The idea of “gay” has permeated our culture to the point where most civilized individuals will hear the word and won’t bat an eye. It would be foolish to think that because it’s genuinely accepted by most people that there isn’t a lot of work to be done on this front. Just look at what is taking place in countries like Russia, where an anti-gay crackdown has come to the forefront amid the return of the Winter Olympics in 2014.
WWE does have a responsibility to promote a positive image, and while having an openly gay star reinforces this image, it could lead to potential problems in the future. Image plays an important part of WWE and its anti-bullying campaigns. It’s only a matter of time before something involving Darren Young is scrutinized simply because of his sexual orientation.
While it is rumored that Darren Young came out because he was at-risk of being released from the company (an unfounded rumor at that), the public relations behind his announcement will forever be entrenched with him at his side until the day he is eventually released, and even then some will assume that he was released because of his orientation, even if it’s years from now. The fear that persists is that somehow WWE will turn this into a storyline, and while history is against WWE in its homophobic culture (John Cena rap against The Rock anyone?), there is hopefully an understanding that WWE will need to tread lightly and carefully with all matters involving Young.
At some point, WWE will create a story involving Young’s sexual orientation. WWE as an artform just enjoys imitating life at any given time because it creates publicity and like the carney, Vince will enjoy any kind of positive publicity this may present. The only question is, will WWE allow for homophobic comment to permeate its programming to tell the story it wants to? Will Darren Young be de-pushed simply because of his orientation? While it is unfortunate that everything Young does will be under a microscope, he is figuratively, the guinea pig for WWE as he transcends his superstar persona and becomes a spokesperson for basic rights of gay people everywhere.
Just imagine the headlines now, add whatever you’d like to at the end of, “First openly-gay supertar…
wins Intercontinental Title
wins Royal Rumble
wins United States Title.
There are plenty of opportunities for WWE to make the most of this situation. While some may confuse this promotion with exploitation, Darren Young won’t mind the publicity that comes with his push into the spotlight in the immediate future. Any sort of positive reinforcement is good for WWE, and with a culture that is changing for the better, WWE can make great strides by promoting a great image for its product.
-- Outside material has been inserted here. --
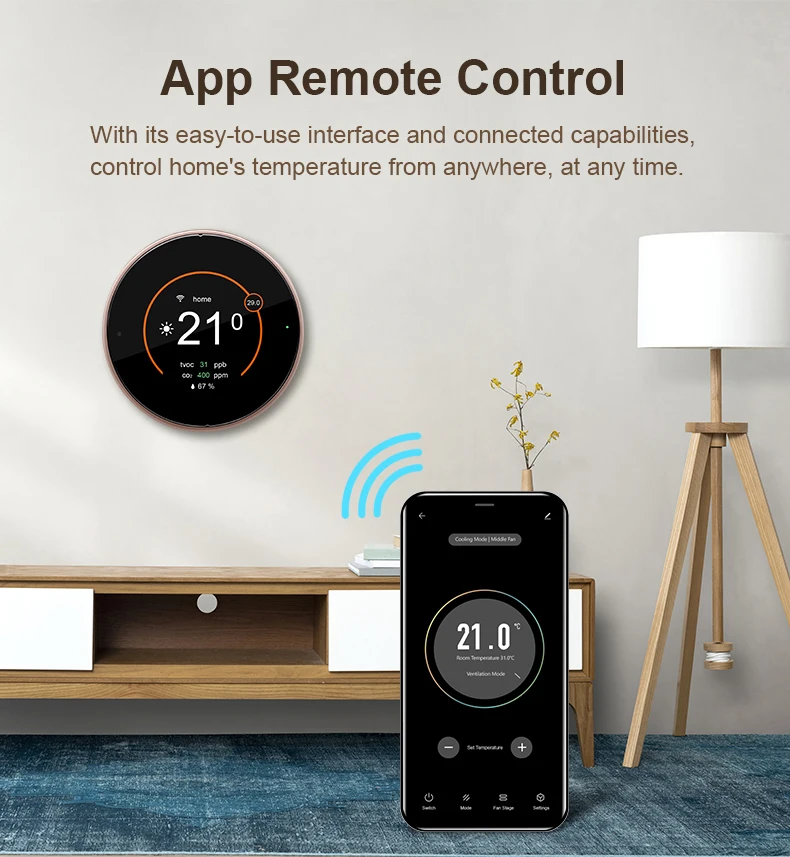 Bandary 24V multi-stage cool heat Smart Thermostat WIFI home heat pump Controller for Heat Pump System Air Conditioner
I applaud Darren Young for his ability to make such a powerful decision that will affect his future undoubtedly. My only hope is that WWE follows through properly and promotes a positive product without the fear of exploitation on behalf of one of their talents. While every PR move has an ulterior motive, it is the hope that WWE can make the best of this situation and advocate for the gay community through the promotion of their own product via marketing, television and anti-bullying campaigns.
Best of luck to Darren Young, the world has slightly changed for the better because of you.